Titi mengatakan, Sejak Pemilu 2004, kebijakan afirmatif untuk partisipasi perempuan dalam politik telah diberlakukan. Setiap pencalonan anggota legislatif, kuota untuk caleg perempuan selalu memenuhi syarat minimal 30 persen dari total caleg setiap partai politik.
Namun, menurut Titi, pencalonan tersebut tidak berbanding lurus dengan keterpilihan caleg perempuan di DPR RI. Pada Pemilu 2014, dari pencalonan perempuan sebanyak 37 persen, nyatanya hanya 17 persen keterpilihan perempuan di Senayan.
"Pada Pemilu 2019, pencalonan perempuan untuk DPR RI sudah mencapai 40 persen.

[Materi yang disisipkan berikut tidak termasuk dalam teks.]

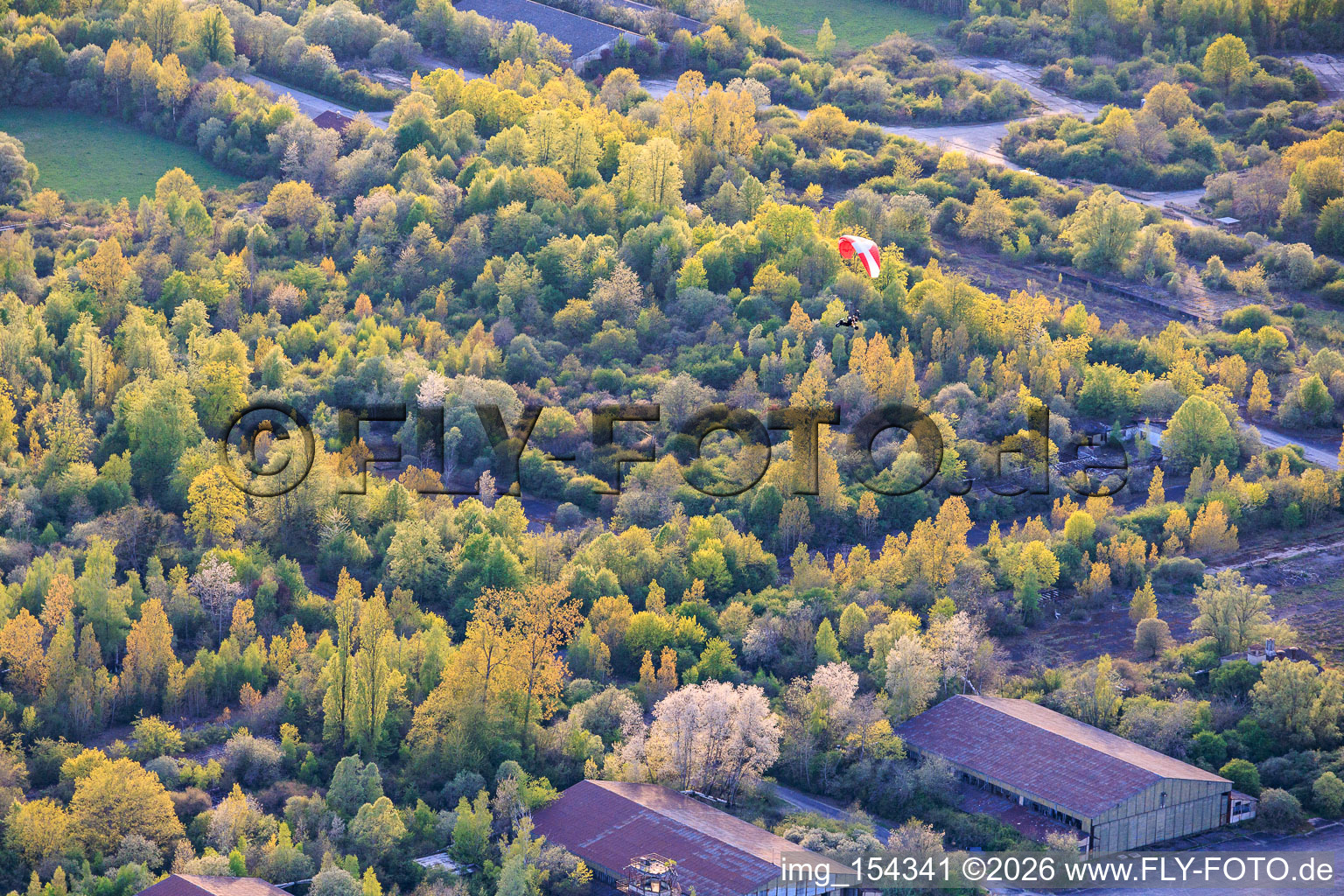 Paragliders over the hangars at the former military airfield Grostenquin in Bistroff in the state Moselle, France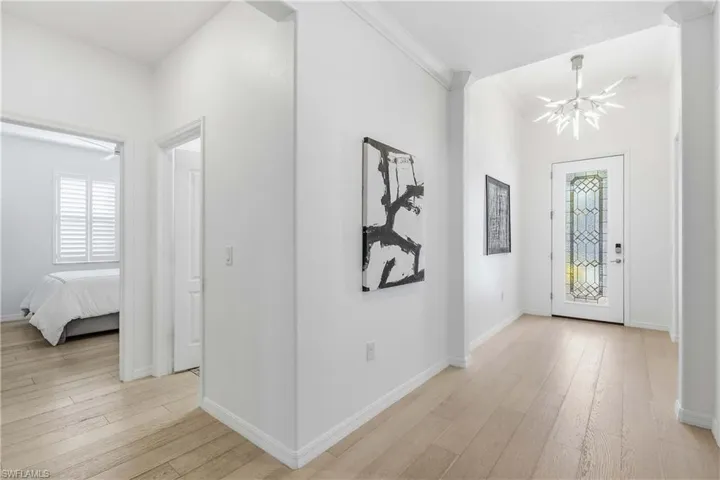 Entryway featuring light wood-style floors, crown molding, and suspended lighting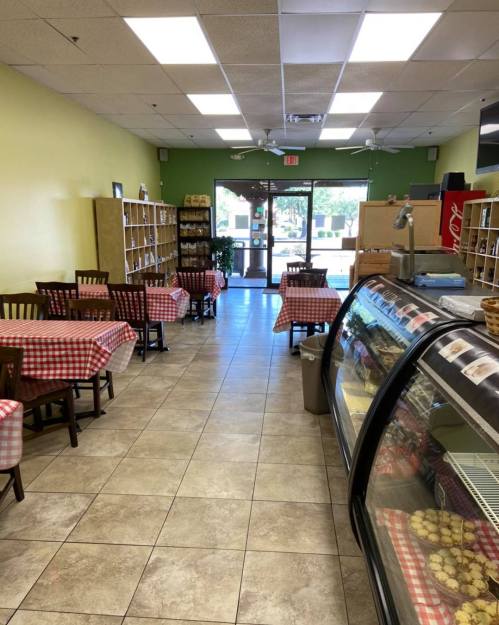 Interior of a cozy café with checkered tablecloths, shelves of goods, and a display case of baked items.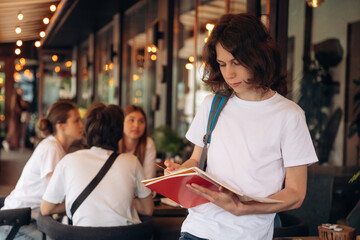 Standing in front of people. Group of young friends are in the cafe restaurant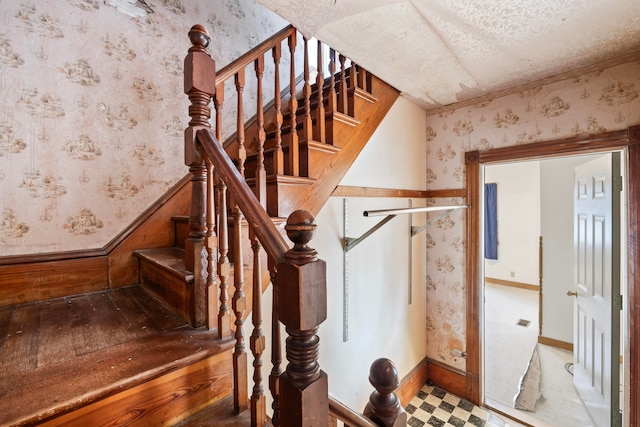 stairway with a textured ceiling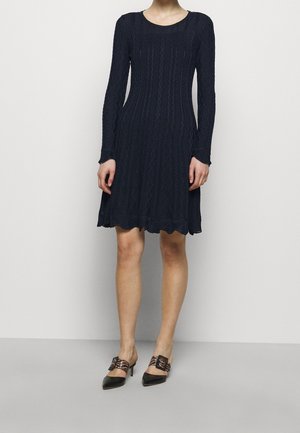 Robe longue en bleu marine à manches longues avec un motif losange texturé, un ourlet festonné et un col rond, associée à des escarpins noirs à bout pointu.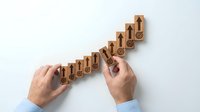 Businessman hands arranging wooden blocks with target icons in ascending steps, representing goal achievement and business growth strategy concept.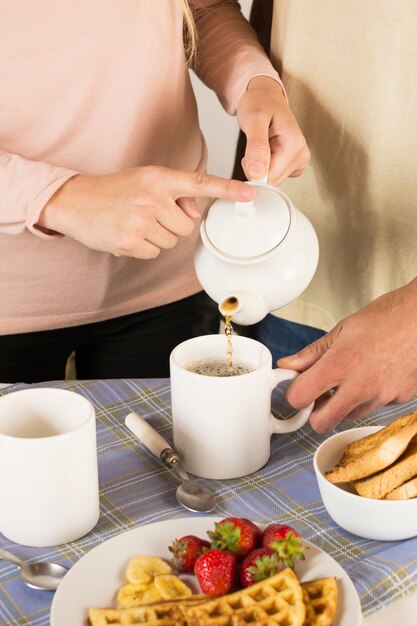 People preparing delicious breakfast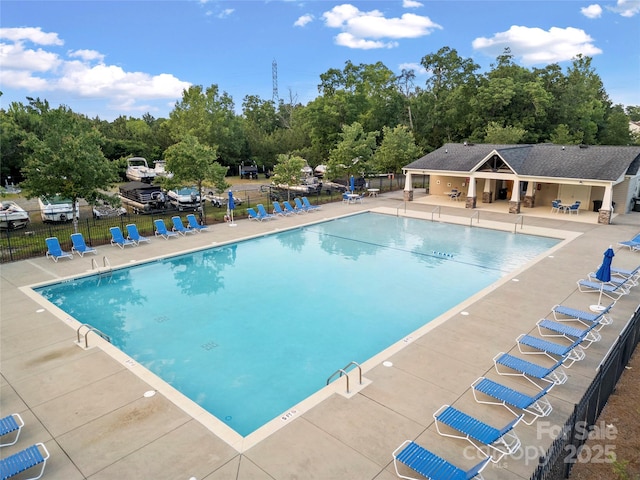 444 Snapdragon Dr, Clover, SC 29710 - community pool featuring fence, a patio, and view of wooded area
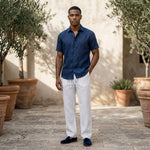 Male model wearing white relaxed-fit pants with a navy short-sleeve button-up shirt in an outdoor stone walkway setting.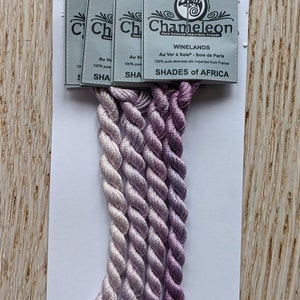 Peut inclure: Cinq bobines de fil à broder en soie dégradé dans des tons de violet et de blanc. Les bobines sont étiquetées "Chameleon Hand Colored Embroidery Threads" et "Winelands Au Ver à Soie - Sole de Paris 100% pure stranded silk Imported from France" et "Shades of Africa".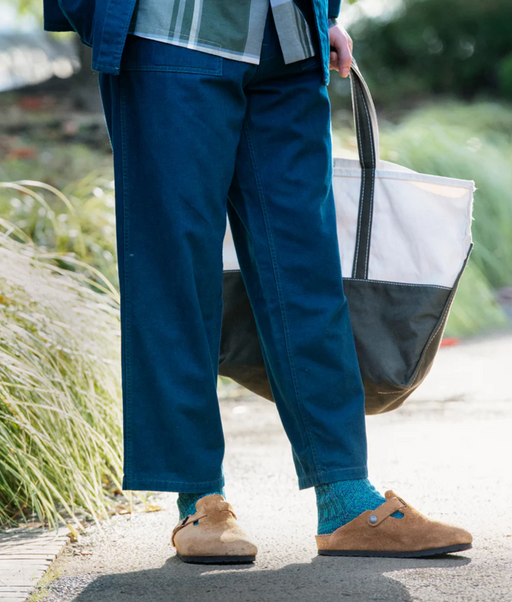 A man wearing a pair of Rototo blue socks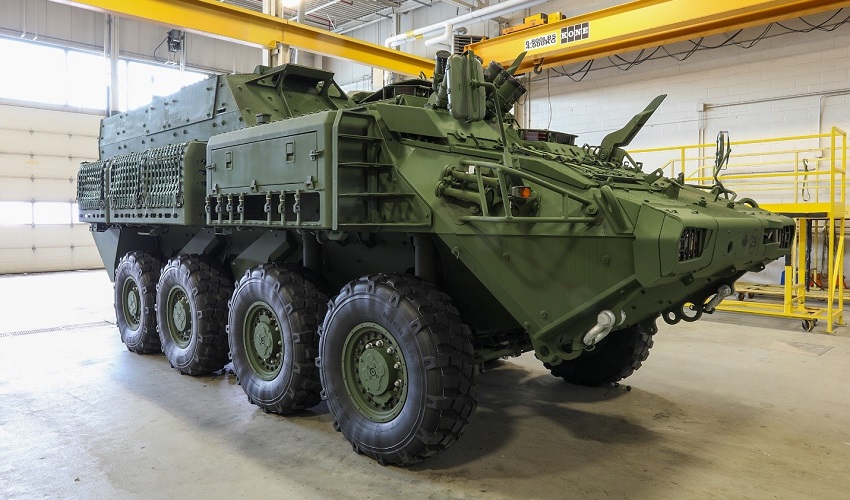A military vehicle in a warehouse

Description automatically generated with low confidence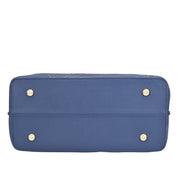 Blue rectangular Anuschka genuine leather Medium Tote - 693 laying on its side with protective metal studs.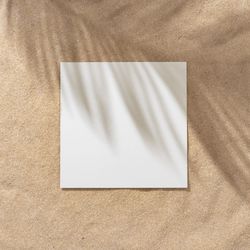 Sand with palm leaf shadows and central square
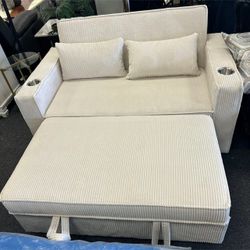Beige corduroy convertible sofa with sleeper bed with cup holders 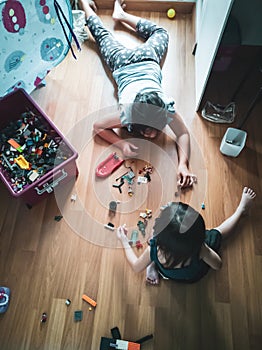 Children playing toys on the floors. Top view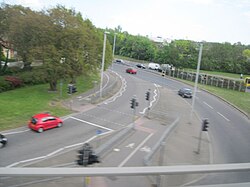 The Cooper Dean Roundabout is a large gyratory. The A3060 Road travels beneath it and the A338 Road crosses it. This picture is taken on the bridge looking east towards Christchurch.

Namun realitanya, keterpilihan caleg perempuan itu memiliki kesenjangan yang lebar dengan pencalonannya," tuturnya.
Ia berpendapat, ada banyak faktor yang mempengaruhi rendahnya angka keterpilihan perempuan di pusaran parlemen, meskipun pencalonannya sudah memenuhi syarat minimal 30 persen.
Karena itu, TIti mendorong seluruh masyarakat, penyelenggara pemilu, pemantau dan organisasi perempuan di daerah untuk mengawal proses rekapitulasi perolehan suara untuk caleg perempuan di Pemilu 2019.
"Semua pihak harus ikut aktif memantau perolehan suara caleg perempuan di daerahnya termasuk mencatat kecurangan-kecurangan yang merugikan perolehan suara caleg perempuan," ujarnya.
Selain pengawasan terhadap potensi kecurangan rekapitulasi perolehan suara, Titi mendesak Komisi Pemilihan Umum (KPU) untuk mengutamakan transparansi dengan membuka akses bagi publik untuk memperoleh dan mendokumentasikan proses perolehan suara.
Lebih lanjut, Titi menambahkan, bahwa caleg perempuan juga berperan untuk memantau dan memastikan perolehan suaranya terjaga hingga di proses rekapitulasi tingkat pusat. "Sehingga perolehan suaranya tidak dicurangi, baik hilang atau dikurangi," tandasnya.